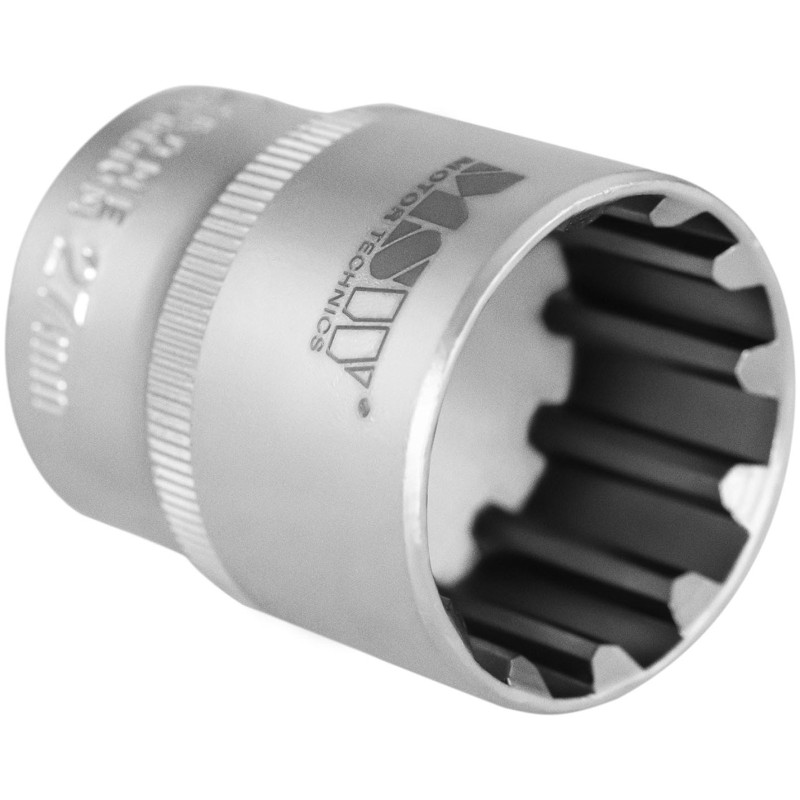 Lizdiniai veržliarakčiai lizdai 12 taškų 8-34 mm 1/2'' - 19 vnt.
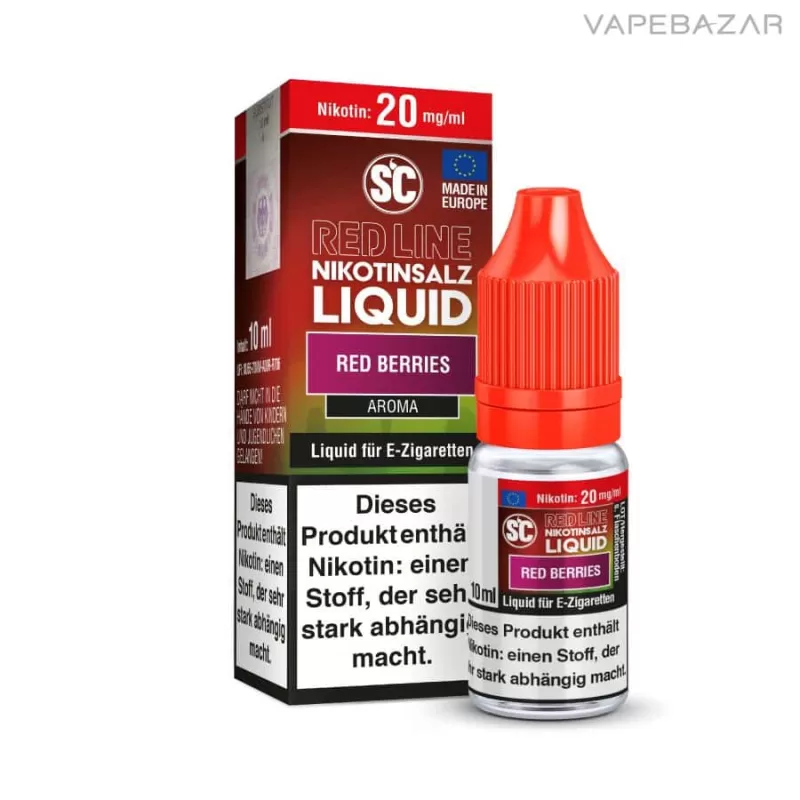 SC Red Line Nikotinsalz Liquid – Red Berries
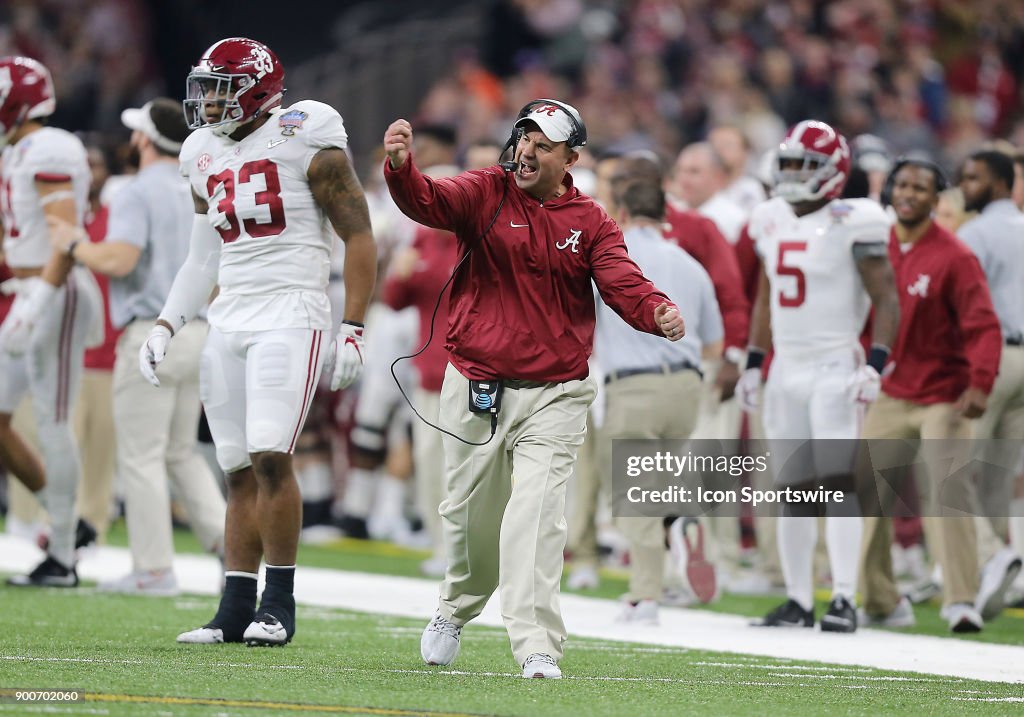 COLLEGE FOOTBALL: JAN 01 Sugar Bowl - CFP Semifinal - Alabama v Clemson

What you need to do |
After locating the line with "SC Red Line Nikotinsalz Liquid – Red Berries", transcribe it and the rest of the data above exactly as written, without any picture.

Result of the exercise |
 SC Red Line Nikotinsalz Liquid – Red Berries
 COLLEGE FOOTBALL: JAN 01 Sugar Bowl - CFP Semifinal - Alabama v Clemson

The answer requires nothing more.